Freddie Gray’s death was just one of many tragedies the people of Baltimore have been left to face. Years of oppression have made tensions in the community so volatile that many residents were not even surprised to see riots erupt. When their frustrations are not about the deaths of Black citizens being targeted by a racially biased justice system, they are about the lack of quality education for the youth, or the dwindling employment opportunities for residents, or the crumbling economy that has forced many of them into bleak cycles of poverty.
These are the people that the president’s policies should bring to the top of the political agenda, but his latest move is leaving America’s wealthiest residents with a greedy smile across their lips as low-income communities brace for what is expected to be yet another devastating hit.
Success for local economies is one of the first stepping stones to helping America rescue cities like Baltimore and Ferguson but the TPP comes with frightening possibilities. The ominous bill could essentially snatch economic opportunity away from local communities and hand them over to major corporations, both domestic and foreign.

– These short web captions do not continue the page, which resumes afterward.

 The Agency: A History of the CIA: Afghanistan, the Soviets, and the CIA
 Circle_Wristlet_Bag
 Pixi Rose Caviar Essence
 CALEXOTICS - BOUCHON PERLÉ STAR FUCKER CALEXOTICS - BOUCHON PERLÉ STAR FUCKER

“The combination of environmental sustainability and community wealth building is a powerful opportunity for local revitalization and the improvement of Baltimore’s economic health as long as it is not undermined by the likes of the TPA (Trade Promotion Authority),” professor of sustainable communities and global environmental policy at the University Baltimore and president of the nonprofit Environmental Solutions International, Christopher Croft, wrote of the TPP in City Paper. “The economic hollowing-out of Charm City is in part the result of trade agreements that destroy job opportunities. In Baltimore, as in other U.S. cities, our last option to rebuild our economy is to do so locally, from the ground up. This could put money back in the hands (and keep it there) of Baltimoreans, not corporate elites.”
Labor unions and environmental groups have even adamantly pushed for Congress to slam the TPP down after expressing concerns that it will only make problems like income inequality worse, while giving powerful corporations even more wiggle room to slide by key regulations.

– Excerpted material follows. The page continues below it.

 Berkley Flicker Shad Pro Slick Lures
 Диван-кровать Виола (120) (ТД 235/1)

Croft added that the TPA would actually include penalties for those who have snatched businesses away from major corporations as a part of the “buy local” movement. If a major corporation files a grievance insisting that they lost a substantial amount of profits due to such movements, it could be left up to the taxpayers to actually reimburse the corporate powerhouses for the lost revenue, City Paper reports.
Many critics believe this is exactly why several of the bill’s details have been kept under wraps while garnering an overflow of support from those who are wealthy enough to actually purchase businesses that fill urban communities and turn them into office buildings, parking lots and hotels.
Last week, a collection of elite business people signed a letter to the state’s congressional delegation in hopes to convince them to support the TPP, the Huffington Post reports. The letter comes amidst concerns that there isn’t enough support for the bill because many Democrats were hesitant of backing such an agreement that seems to be harmful to the very demographic that provides a majority of their votes.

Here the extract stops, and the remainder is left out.